◆ **Image-text web data**:
○ ○ ○ ○ ○ ○ ○
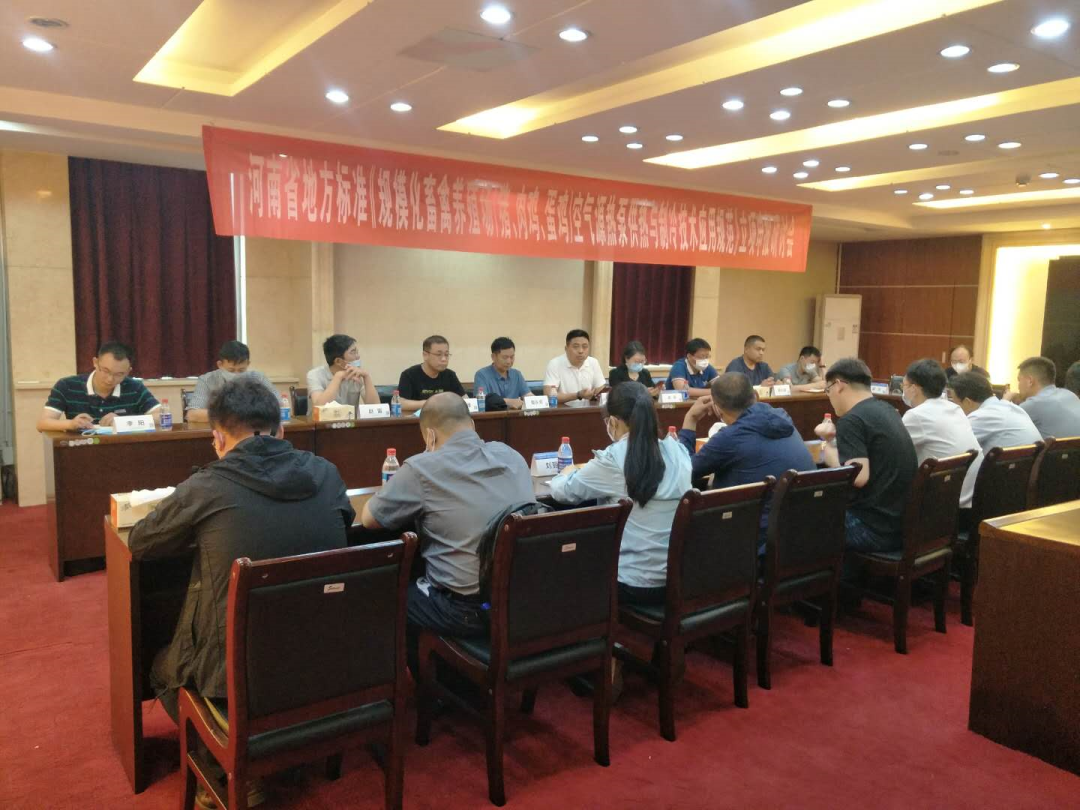 河南省地方標準《規(guī)?；笄蒺B(yǎng)殖場（豬、肉雞、蛋雞）空氣源熱泵供熱與制冷技術應用規(guī)范》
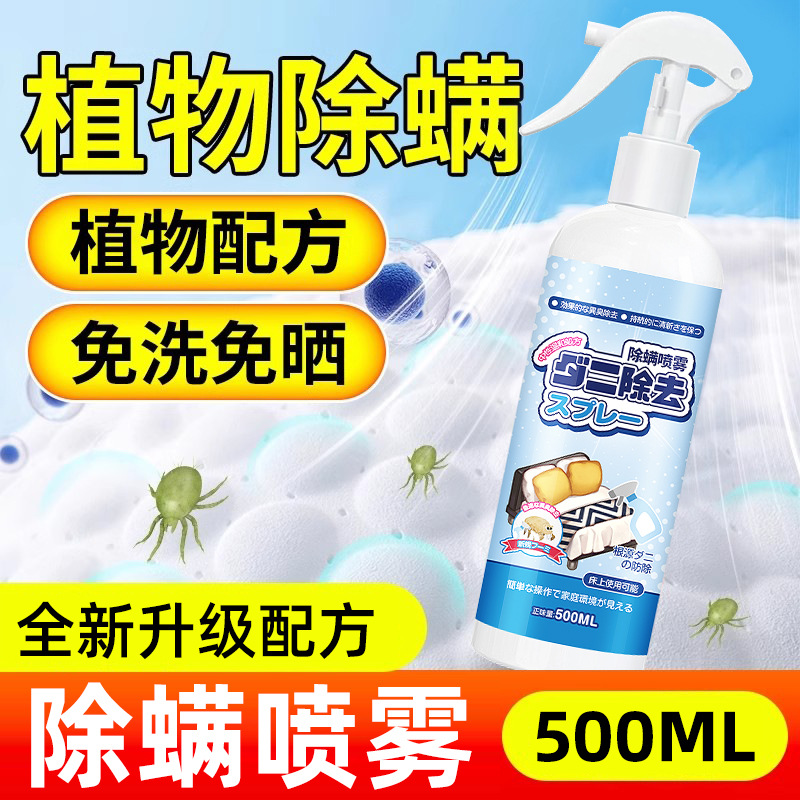 除螨喷雾剂除螨虫神器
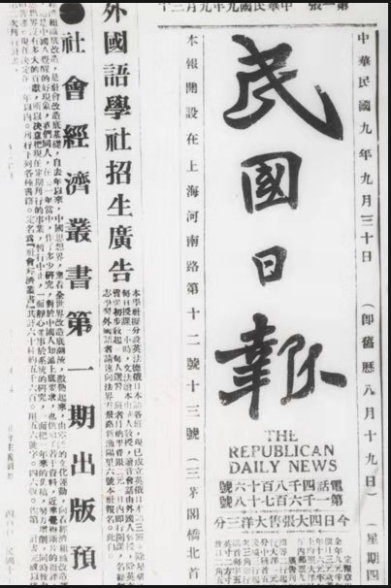 1920年9月28日在《民国日报》刊登的外国语学社招生广告.png
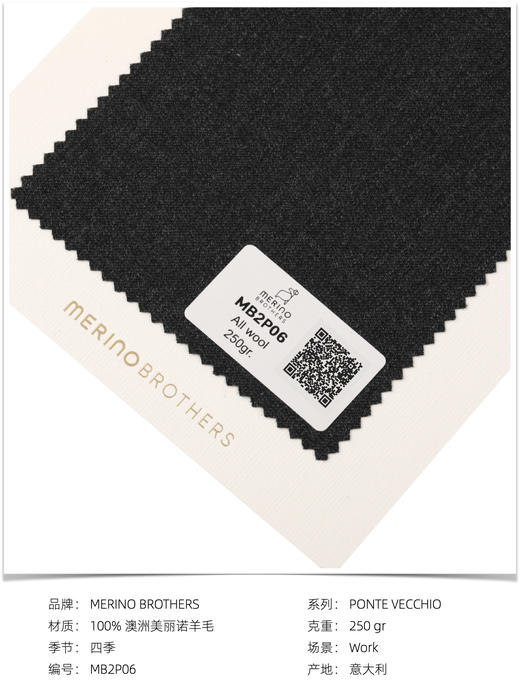 「爱好者直选17款」Merino Brothers 双经双纬澳洲美丽诺羊毛意式工艺裤装 商品图10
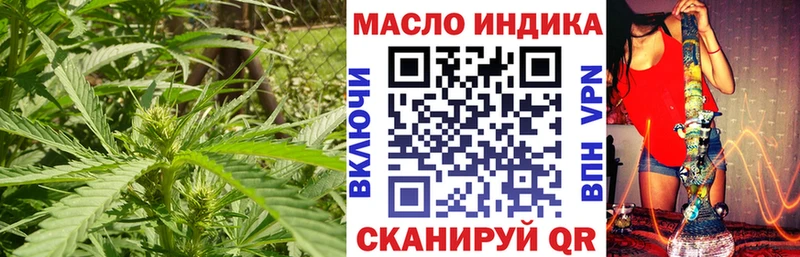 ТГК концентрат  Рошаль 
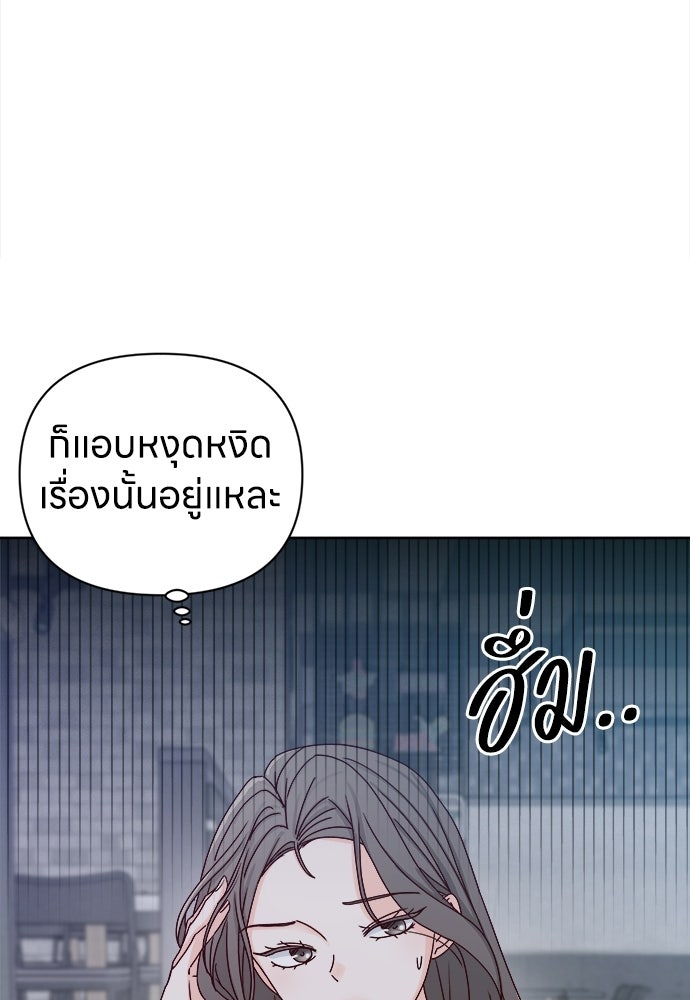 ระบบแทรกแซงรัก - หน้า 17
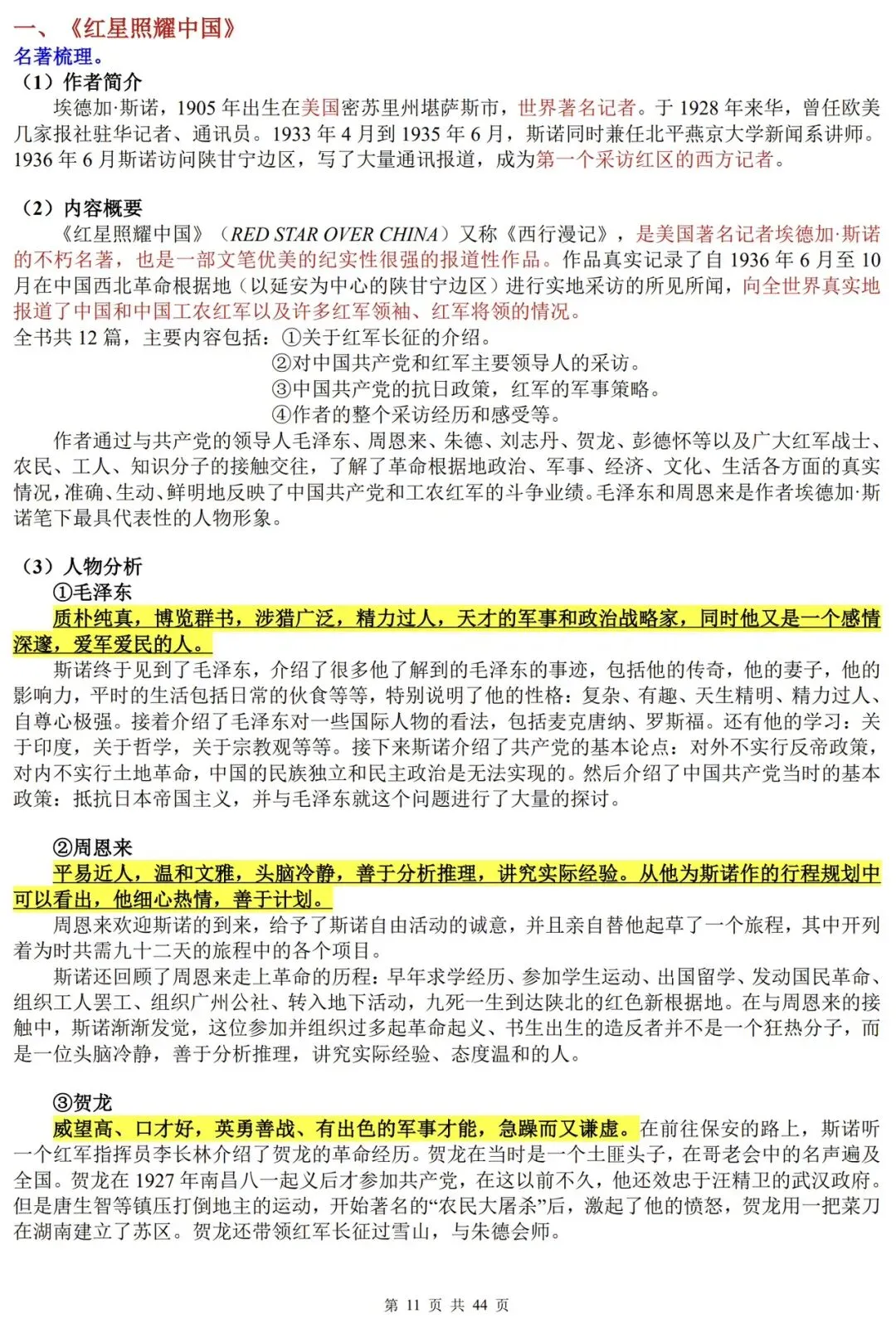 2026年中考冲刺必备:中考语文12本名著完整考点手册 第11张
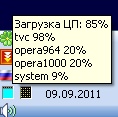 hint_for_nanoav.jpg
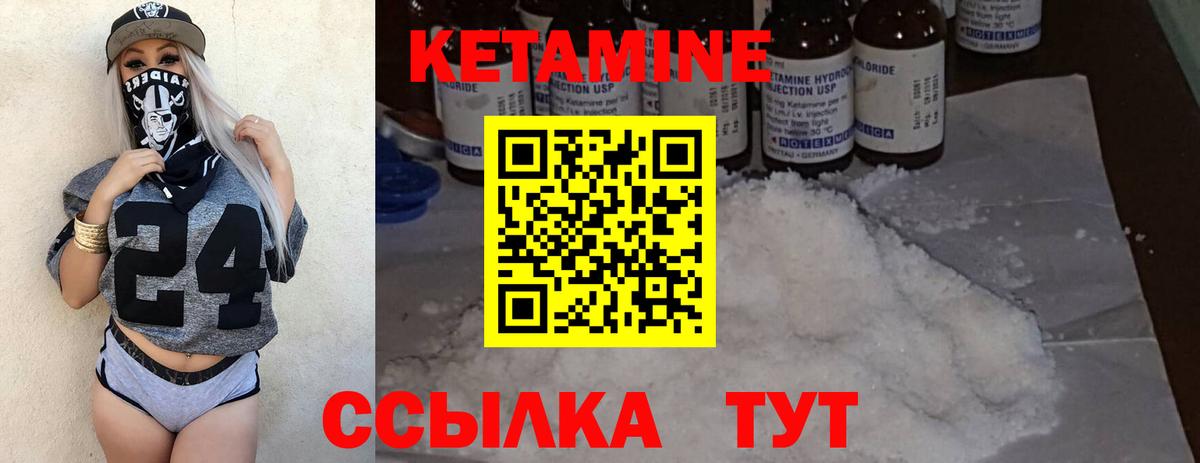 Кетамин VHQ Урус-Мартан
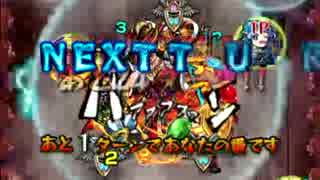 人気の モンスト イザナミ 動画 本 3 ニコニコ動画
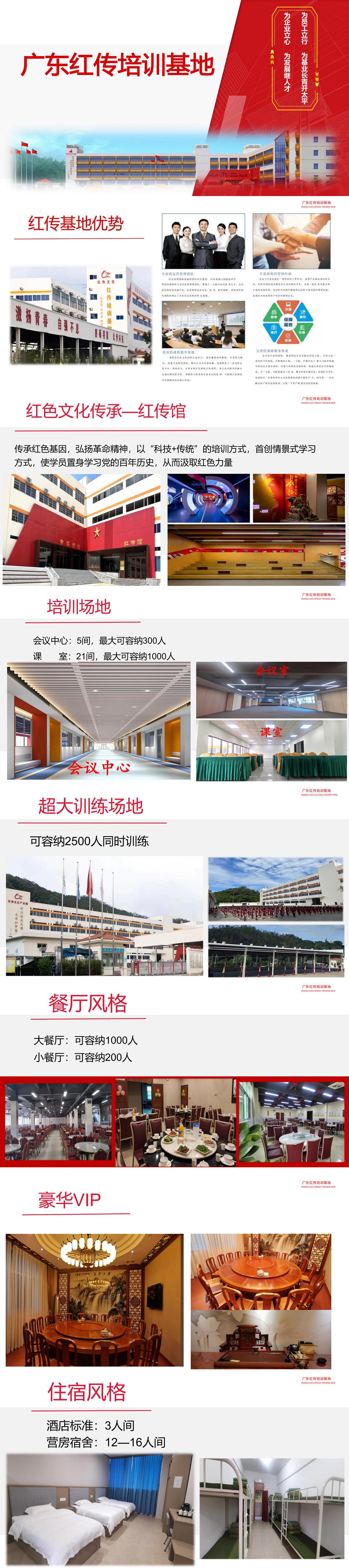 東莞紅傳產業園簡介_00.png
○ ○ ○ ○ ○ ○ ○
◆ **Work request**: The finished copy should match the data above word for word and contain no pictures.

◆ **Response to the task**:
 河南省地方標準《規(guī)?；笄蒺B(yǎng)殖場（豬、肉雞、蛋雞）空氣源熱泵供熱與制冷技術應用規(guī)范》
 除螨喷雾剂除螨虫神器
 1920年9月28日在《民国日报》刊登的外国语学社招生广告.png
 「爱好者直选17款」Merino Brothers 双经双纬澳洲美丽诺羊毛意式工艺裤装 商品图10
 ТГК концентрат  Рошаль 
 ระบบแทรกแซงรัก - หน้า 17
 2026年中考冲刺必备:中考语文12本名著完整考点手册 第11张
 hint_for_nanoav.jpg
 Кетамин VHQ Урус-Мартан
 人気の モンスト イザナミ 動画 本 3 ニコニコ動画
 東莞紅傳產業園簡介_00.png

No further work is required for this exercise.